I will never need to say, “if these walls could talk…” in reference to my apartment. This is not to say nothing of interest happens – it does, I assure you; we play Phase 10 regularly here. However, the walls, furniture, and decorations have been hand picked, prepared, painted, and placed by my graphic designer girlfriend. Needless to say, it is beautiful. Frequently, guests are so overtaken by its beauty that I must remind them we are not in Willy Wonka’s factory and the walls, if licked, will not taste like snozberries. Without exception, every new visitor remarks on the layout and the splash of color. If these walls could talk, the room would undoubtedly be vein (as to be expected, it was born and raised in Los Angeles), and everything they would say would already have been covered by its occupants. “Walls, what’s the most interesting thing that’s happened in the history of this room? Was there a murder or an attempt to train a gecko circus here?” “Why suggest such droll goings-ons? Can you not see this hand-crafted Emerald Coast floating desk underlying a series of descending, matching-framed cork-boards?”
And so I am cursed. I’ve been exposed to a world that I am too unskilled to participate in, and it has transformed me into a cynic. Like when a man (or woman, I don’t care what their ad campaign says) tastes Dr. Pepper for the first time, everything past sampled instantly becomes subpar in contrast. Now, whenever I’m at one of my friend’s homes, it’s as if I’m at the beginning of an episode of a Bravo reality series. I cringe at the state of the dwelling, then I cringe at my cringe. Even when listening to Cream’s “White Room,” I can’t help but wonder if the song would have reached Billboard’s number 1 had he spruced up the interior a bit.

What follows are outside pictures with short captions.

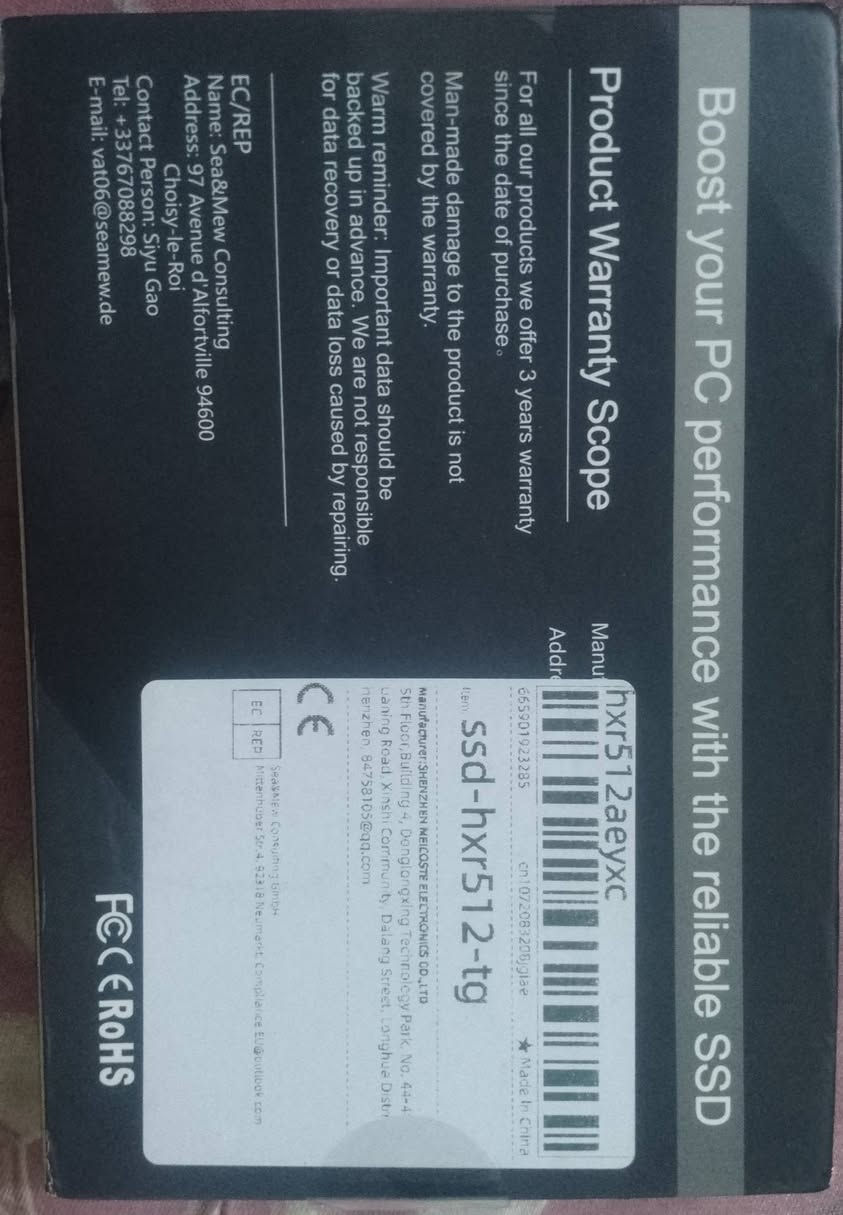 هارد kingston اصلي بضمان
960گيگا. السعر 105
هارد XraDisk سعة 512گيگا
السعر 65 . رجاءا الاسعار نهائية.
يتوفر توصيل لكل المحافظات


**إذا كنت صاحب هذا الإعلان وتريد حذفه لأي سبب، رجاءا أرسل رسالة إلى الدعم الفني**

But I have no knowledge of what is tasteful, only what is not as I stare at it. When asked how I would set up a room, I go into a slight panic. My mind races to times when I remember being moved by a room’s interior with pieces I can accurately describe. “I think it’d look cool if you had black light posters of mushrooms and dragons, and an enormous tie-dye tapestry draped across your ceiling.” Only after blurting this out do I realize that it was not so much the design I was moved by as the variables that caused those pieces to perform a reproduction of Glengarry Glen Ross as I giggled and attempted to get to second base with a pillow. If I’m exposed and am asked for suggestions, all I can offer is that they go to the nearest cafe or art school and attempt to pick up a graphic designer to date/decorate their place. A good method of initiating conversation is by casually mentioning that you believe your apartment building has been tagged with a Banksy and you’d love a keen eye to verify its authenticity.
Not everyone has a knack for design. I certainly don’t. The most impressive visual art I’ve created is an above average picture of Stephen Colbert for a game of Draw Something on my cracked-screen ipod. Living in this functional interior design exhibit with its creator has me torn between two worlds, and I now feel uncomfortable in both. I’ll safely continue to tread water in this limbo, though, as I have checked out a copy of “The Idiot’s Guide to Pintrest” from the library.